The further treatment of the tobacco in the second process step is carried out under much less severe conditions designed to merely adjust the moisture content of the tobacco to the level required for further processing. The more careful treatment of the increasingly dry tobacco in the second process step substantially prevents the occurrence of waste and quality losses. This is accomplished by a reduction of the linear velocity and temperature of the heating medium in the second process step.

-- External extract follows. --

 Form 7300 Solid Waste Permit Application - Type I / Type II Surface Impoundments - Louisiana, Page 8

This also results in a corresponding reduction of the energy requirement for the process as well as reducing the tendency of the tobacco to fracture.

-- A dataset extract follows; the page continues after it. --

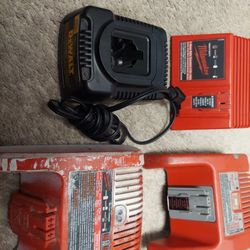 Milwaukee chargers(3) and dewalt (1) all work no issues $30 each
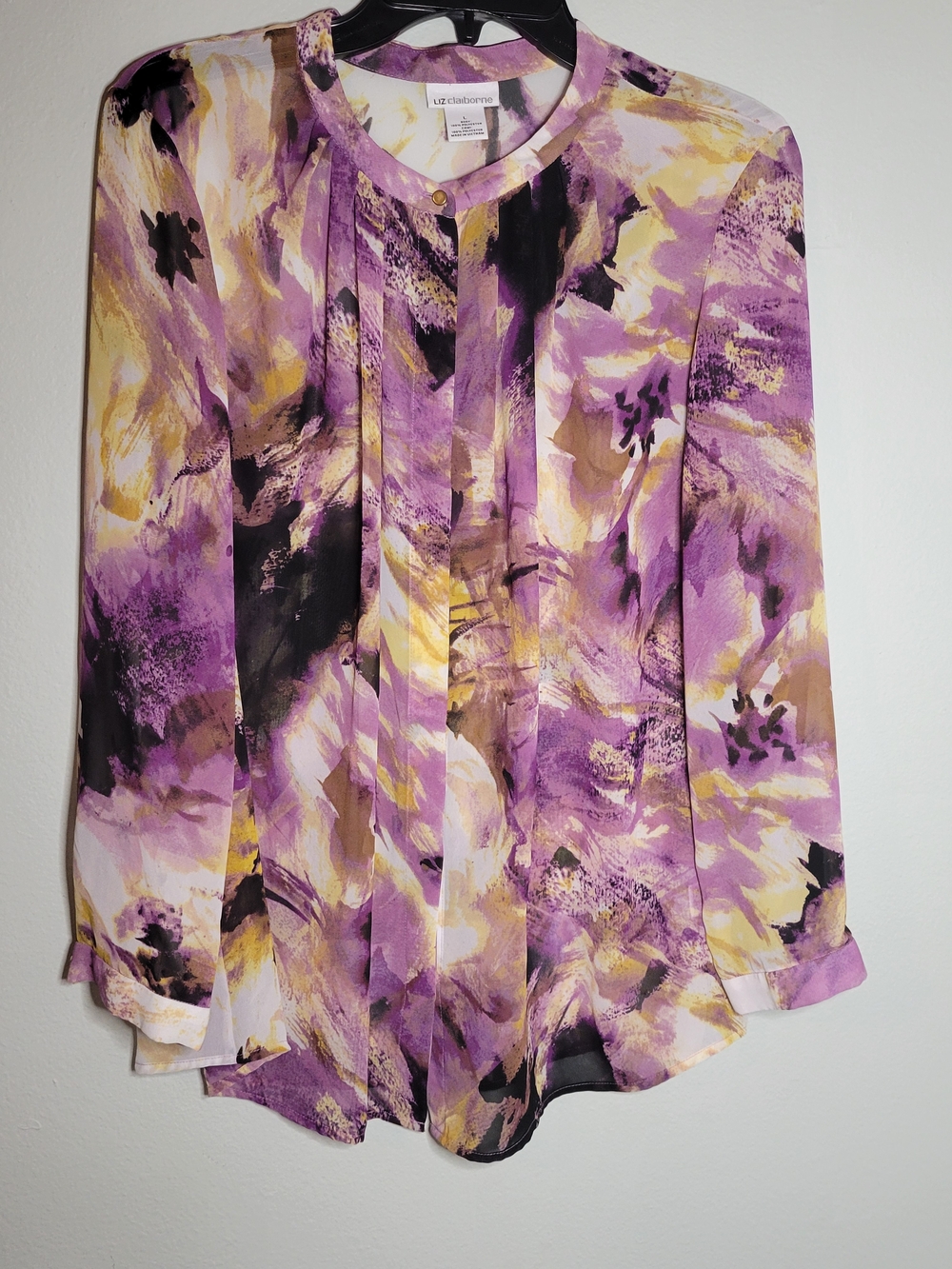 Liz Claiborne Purple and Yellow Abstract Print Blouse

Accordingly, it is an object of the present invention to provide a method and apparatus for the volume expansion of cut tobacco which will serve to increase the filling power of the tobacco with very little waste and without noticeable quality losses.

BRIEF DESCRIPTION OF THE DRAWINGS

The novel features of the present invention along with the objects and advantages thereof will be better understood with reference to the following description considered in connection with the accompanying drawings in which several preferred embodiments are illustrated. However, it should be understood that the drawings are illustrative only and are not intended to define the scope of the invention.

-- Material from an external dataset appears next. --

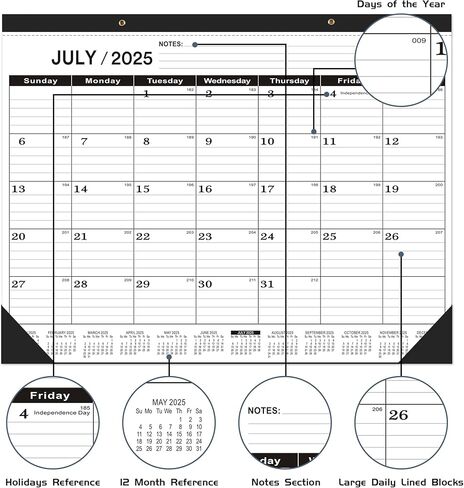 Desk Calendar 2025 large 22 x17, Large Desk Calendar 2025(Jan. 2025-Jun.2026),2025 Calendar,Classic Black Calendar 2025,Large Monthly Desktop Calendar 2025,Desk Calendar 2025-2026 with Plastic Cover in Kuwait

FIG. 1 is a schematic side elevational view of one embodiment of an apparatus employing the principles according to the present invention;

FIG. 2 is a schematic side elevational view of yet another embodiment of an apparatus employing the principles according to the present invention;

FIG. 3 is a schematic side elevational view of a drum dryer employing the principles according to the present invention;

FIG. 4 is a plan view of a drying chute constructed according to the present invention;

FIG. 5 is a side elevational view of a pneuma tube dryer embodying the principles of the present invention;

FIG. 6 is a schematic side elevational view of yet another embodiment of an apparatus employing the principles according to the present invention; and

FIG. 7 is an enlarged sectional view taken substantially along line VII--VII in FIG. 6.

BEST MODE FOR CARRYING OUT THE INVENTION

The method according to the present invention for the volume-expansion (puffing) of tobacco, particularly of cut tobacco ribs and/or cut tobacco leaves, may be carried out in apparatus substantially as shown in FIGS. 1-7.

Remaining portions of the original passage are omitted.